In summer 1962, Cuba and the Soviet Union secretly agreed to deploy in Cuba forty‐eight SS‐4 ballistic missiles with a range of 1,020 miles, thirty‐two SS‐5s with a range of 2,200 miles, twenty–four surface‐to‐air missiles (SAMs), antiaircraft batteries with 144 launchers, and forty‐two bombers with a 600‐mile range. While seeking to defend Cuba, Soviet Premier Nikita Khrushchev also wanted to counter the American Jupiter missiles in Turkey targeted against the Soviet Union and bolster Moscow's leadership of the communist world, currently under challenge from Mao Zedong's China.
As
Republican party partisans criticized President John F.
Kennedy for failing to unseat Castro, the
Central Intelligence Agency monitored Cuba through U‐2 reconnaissance flights. On 14 October, a U‐2 spy plane photographed missile sites. The CIA predicted that some Soviet missiles could shortly become operational, perhaps even with nuclear warheads. On 16 October, an alarmed President Kennedy assembled key advisers, soon designated the Executive Committee (ExComm), and debated how to respond. ExComm advisers ruled out an air strike because it might leave missiles untouched.

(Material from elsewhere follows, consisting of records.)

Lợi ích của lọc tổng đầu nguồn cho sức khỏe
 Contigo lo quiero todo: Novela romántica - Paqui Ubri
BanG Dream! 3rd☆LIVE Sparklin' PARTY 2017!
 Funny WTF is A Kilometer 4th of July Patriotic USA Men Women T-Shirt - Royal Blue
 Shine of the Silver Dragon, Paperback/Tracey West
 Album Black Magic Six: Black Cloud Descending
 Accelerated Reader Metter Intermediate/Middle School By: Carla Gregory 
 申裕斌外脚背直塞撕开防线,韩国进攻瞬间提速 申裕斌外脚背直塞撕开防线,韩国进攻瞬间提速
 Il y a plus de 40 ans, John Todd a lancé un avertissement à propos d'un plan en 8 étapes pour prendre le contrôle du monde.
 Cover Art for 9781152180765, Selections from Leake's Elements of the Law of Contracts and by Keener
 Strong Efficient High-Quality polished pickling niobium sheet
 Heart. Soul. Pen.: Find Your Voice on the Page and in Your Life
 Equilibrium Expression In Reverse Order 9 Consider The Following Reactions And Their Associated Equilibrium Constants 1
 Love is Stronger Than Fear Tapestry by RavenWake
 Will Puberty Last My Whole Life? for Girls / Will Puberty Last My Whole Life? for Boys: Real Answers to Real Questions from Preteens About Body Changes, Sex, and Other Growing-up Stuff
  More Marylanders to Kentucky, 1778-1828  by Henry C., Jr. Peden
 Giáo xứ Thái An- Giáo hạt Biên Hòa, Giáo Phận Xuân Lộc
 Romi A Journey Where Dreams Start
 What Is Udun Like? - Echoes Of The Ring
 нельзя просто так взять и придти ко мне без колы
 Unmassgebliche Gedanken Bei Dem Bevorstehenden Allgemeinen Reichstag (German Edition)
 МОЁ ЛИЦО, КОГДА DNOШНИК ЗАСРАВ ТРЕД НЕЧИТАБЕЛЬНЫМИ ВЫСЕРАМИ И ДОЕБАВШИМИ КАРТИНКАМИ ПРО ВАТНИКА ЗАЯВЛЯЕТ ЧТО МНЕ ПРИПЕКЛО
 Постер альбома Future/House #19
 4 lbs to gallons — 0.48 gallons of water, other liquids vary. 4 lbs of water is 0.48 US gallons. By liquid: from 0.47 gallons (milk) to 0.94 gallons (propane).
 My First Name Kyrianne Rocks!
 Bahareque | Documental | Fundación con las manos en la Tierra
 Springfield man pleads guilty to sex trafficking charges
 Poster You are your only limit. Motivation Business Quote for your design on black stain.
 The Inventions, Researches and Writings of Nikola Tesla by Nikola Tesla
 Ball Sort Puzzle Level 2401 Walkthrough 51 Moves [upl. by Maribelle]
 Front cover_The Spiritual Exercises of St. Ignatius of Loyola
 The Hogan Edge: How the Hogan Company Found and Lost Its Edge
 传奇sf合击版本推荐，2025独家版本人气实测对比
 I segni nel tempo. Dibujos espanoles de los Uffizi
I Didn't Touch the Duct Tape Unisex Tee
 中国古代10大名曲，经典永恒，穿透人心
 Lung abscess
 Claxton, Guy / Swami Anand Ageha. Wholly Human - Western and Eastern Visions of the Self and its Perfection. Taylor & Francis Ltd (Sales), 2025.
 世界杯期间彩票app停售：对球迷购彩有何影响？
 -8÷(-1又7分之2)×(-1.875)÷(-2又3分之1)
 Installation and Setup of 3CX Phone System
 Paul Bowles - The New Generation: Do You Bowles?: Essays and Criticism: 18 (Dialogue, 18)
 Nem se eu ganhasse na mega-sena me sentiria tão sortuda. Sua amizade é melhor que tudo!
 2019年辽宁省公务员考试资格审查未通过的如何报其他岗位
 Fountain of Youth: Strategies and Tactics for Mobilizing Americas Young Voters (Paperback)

Kennedy readied U.S. forces for an invasion but hesitated because of potential high casualties and possible Soviet retaliation, perhaps against Berlin. (Unbeknownst to Kennedy, Soviet tactical nuclear weapons were already deployed in Cuba to blunt an invasion, and about 42,000 Soviet troops, not 10,000 as thought, guarded the island.) ExComm shelved the negotiations option because U.S. officials refused to talk with Castro, and they feared that Khrushchev would simply stall until missiles were operational. In the end, ExComm endorsed a naval blockade, or “quarantine,” to stop further Soviet military shipments and to force Khrushchev to retreat in the face of superior U.S. power in the region.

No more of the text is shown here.